Redundant data is often the main driver to database capacity expansion. Core business data and redundant data are two types of data in database. Derived from the former type, the latter type is aimed for the concrete application. For example, use the redundant data to boost performance and facilitate per-summarized data query. The core data plays a primary role in the initial stage of building the database. With the growing business, the redundant data will be greater than the core data over time on both the order of magnitude and the speed of increase, becoming the main cause to expand database capacity.
Redundant data may be stored outside the database. Core data requires more on security. They are low in quantity and need storing in expensive database storages. Since the redundant data is derived from the core data, it requires less on security requirements. With the core data, the damaged data can always be regenerated. So, the redundant data can be stored outside the database. More often than not, putting redundant data to the database is not for the sake of the security, but to obtain enough powerful computing capability to process the redundant data for use in applications. On the other hand, putting the redundant data to the database will worsen the manageability of data. The database table is flatly structured, making it only fit for managing the core table of relatively small quantity, while it is impossible to manage the data under multi-level directory. The redundant data is of many types, great in quantity, and named randomly. In the database, it is quite common that a large number of table names with obscure meanings would be formed. As time goes by, more and more meaningless obstinate data get accumulated that we dare not to clear them since we do not know what they are actually representing. Owing to this, many expensive database storages are consumed for a long time. Users have to purchase more upscale dedicated servers, more spacious dedicated storage equipment, and more licenses to meet the needs of capacity expansion.
Redundant data will cause the performance bottleneck. The private interface can not only guarantee the interests for the manufacturers, but also act as an effective security measure when the data volume is relatively small. The database access interface is private. But,once the data volume increase and becomes huge, a large volume of redundant data and the centralized concurrentism will flood into the only one secluded interface all at the same time, resulting in the unpredictable output bottleneck.

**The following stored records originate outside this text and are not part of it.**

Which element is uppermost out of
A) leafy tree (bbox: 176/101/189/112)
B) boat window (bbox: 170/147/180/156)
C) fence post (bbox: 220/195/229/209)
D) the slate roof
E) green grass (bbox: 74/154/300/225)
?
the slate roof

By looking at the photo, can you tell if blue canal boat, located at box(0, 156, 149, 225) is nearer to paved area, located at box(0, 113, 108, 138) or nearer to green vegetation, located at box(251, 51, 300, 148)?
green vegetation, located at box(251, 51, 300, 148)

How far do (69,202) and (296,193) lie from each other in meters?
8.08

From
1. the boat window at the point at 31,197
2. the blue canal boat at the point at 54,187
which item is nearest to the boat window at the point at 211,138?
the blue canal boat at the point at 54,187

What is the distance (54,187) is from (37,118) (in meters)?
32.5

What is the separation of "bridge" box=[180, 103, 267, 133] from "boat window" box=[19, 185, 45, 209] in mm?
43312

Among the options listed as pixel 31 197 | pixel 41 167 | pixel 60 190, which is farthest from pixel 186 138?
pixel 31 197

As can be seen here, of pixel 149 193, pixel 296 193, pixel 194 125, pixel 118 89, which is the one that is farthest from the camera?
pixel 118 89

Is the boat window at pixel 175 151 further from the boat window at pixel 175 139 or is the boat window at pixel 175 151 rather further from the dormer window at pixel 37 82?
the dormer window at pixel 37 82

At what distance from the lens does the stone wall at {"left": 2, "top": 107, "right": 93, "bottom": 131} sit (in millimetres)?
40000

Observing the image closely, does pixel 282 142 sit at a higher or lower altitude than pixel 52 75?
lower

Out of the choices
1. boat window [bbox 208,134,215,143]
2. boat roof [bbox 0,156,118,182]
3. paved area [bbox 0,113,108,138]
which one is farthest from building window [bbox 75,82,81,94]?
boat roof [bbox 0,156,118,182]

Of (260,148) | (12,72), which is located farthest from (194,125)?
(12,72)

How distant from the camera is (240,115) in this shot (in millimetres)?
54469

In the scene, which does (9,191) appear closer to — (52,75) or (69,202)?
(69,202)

As can be seen, if using the database to hold the redundant data, many disadvantages would be incurred when expanding the database capacity: high cost, poor manageability, limited effect on alleviating the expansion pressure, and serious wasting of resources. Comparatively, the file expansion is a better means to lower the cost, facilitate the management, improve the data utilization, and achieve the obvious result. The file expansion is aimed to store the continually increasing redundant data to the file, using the direct file access through the open interface of the operating system. By this means, ultimately implement the parallel access, data computing, and data management. As shown in the below figure:
The file expansion has four advantages: Low cost, convenient management, high resource utilization, and remarkable performance boost.

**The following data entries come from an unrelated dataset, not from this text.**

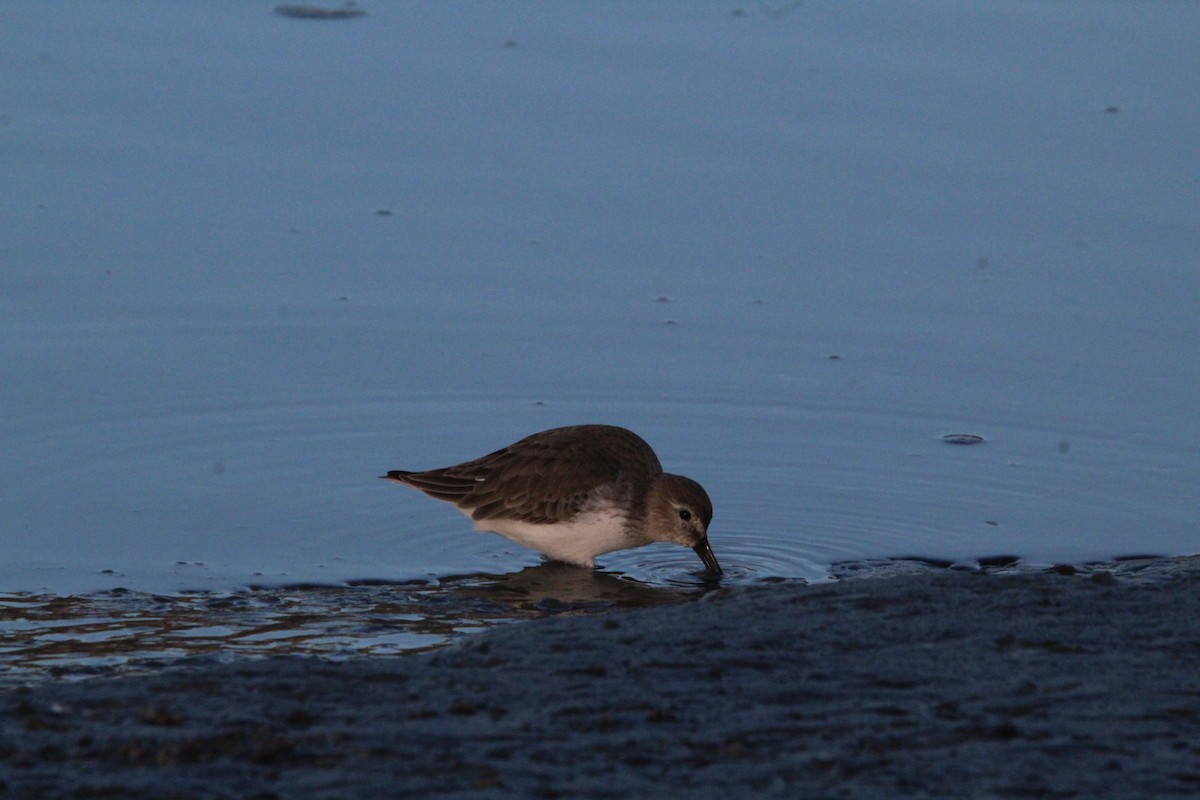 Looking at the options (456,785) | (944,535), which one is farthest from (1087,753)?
(944,535)

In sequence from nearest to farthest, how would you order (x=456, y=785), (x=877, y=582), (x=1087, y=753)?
(x=456, y=785) < (x=1087, y=753) < (x=877, y=582)

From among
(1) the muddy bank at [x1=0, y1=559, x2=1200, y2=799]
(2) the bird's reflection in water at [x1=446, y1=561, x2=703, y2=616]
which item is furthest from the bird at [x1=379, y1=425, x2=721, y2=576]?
(1) the muddy bank at [x1=0, y1=559, x2=1200, y2=799]

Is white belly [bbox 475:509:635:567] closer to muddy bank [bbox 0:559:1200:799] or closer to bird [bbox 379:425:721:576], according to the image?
bird [bbox 379:425:721:576]

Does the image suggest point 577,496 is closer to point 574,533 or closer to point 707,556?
point 574,533

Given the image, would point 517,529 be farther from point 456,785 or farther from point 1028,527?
point 456,785

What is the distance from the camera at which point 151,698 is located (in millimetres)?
5273

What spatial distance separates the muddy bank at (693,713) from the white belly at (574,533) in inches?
83.6

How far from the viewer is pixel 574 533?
8586 millimetres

Low cost. Since data is stored in files, we can simply add the inexpensive hard drives when expanding. There is no need to purchase the expansive software or hardware, such as the dedicated server and storage equipment, and database license.
Convenient management.The files support the multi-level directory and is much simpler and more efficient than database by nature in copying, transmitting, and splitting. This enables users to classify and manage the data by rules such as business module, timeline and schedule. When applications get off line, you can also delete the data corresponding to the application by directory. Data management thus becomes simple and clear. The workload is reduced obviously.
High resource utilization. Storing data in file is by no means equivalent to discard database. On the contrary, the file should be used to store the redundant data requiring less on security and relative small in quantity, while database still should be used to store the core data. By doing so, the file storage and database storage can serve their respective purpose according to their characteristics, and the resource utilization can be increased significantly.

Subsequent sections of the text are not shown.